───── Exercise input

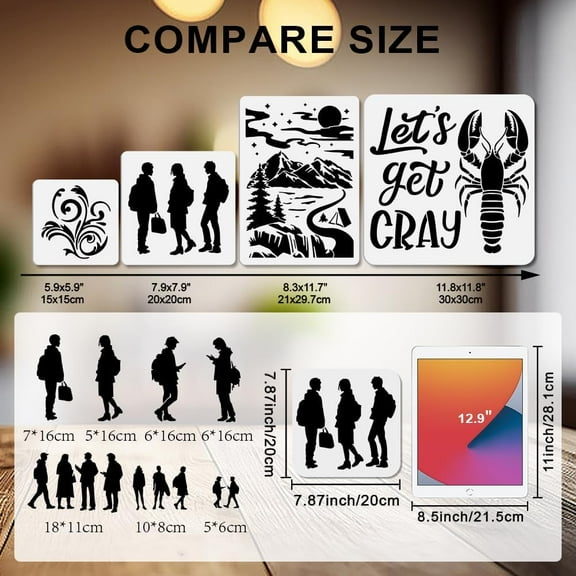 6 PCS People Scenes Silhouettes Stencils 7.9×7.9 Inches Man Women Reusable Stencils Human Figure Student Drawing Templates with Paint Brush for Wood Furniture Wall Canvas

──────────
───── Exercise input

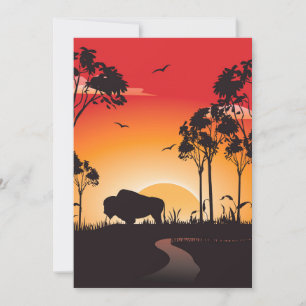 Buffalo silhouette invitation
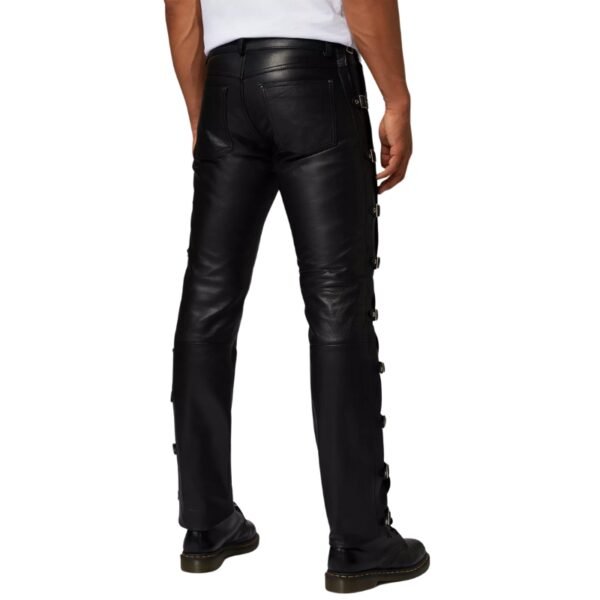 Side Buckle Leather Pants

──────────

• Work item: Only one stretch of the entries above is needed: the lines from the one containing "Buffalo silhouette invitation" through the one containing "Side Buckle Leather Pants". Copy it exactly, without the pictures.

• Solution for this exercise:
 Buffalo silhouette invitation
 Side Buckle Leather Pants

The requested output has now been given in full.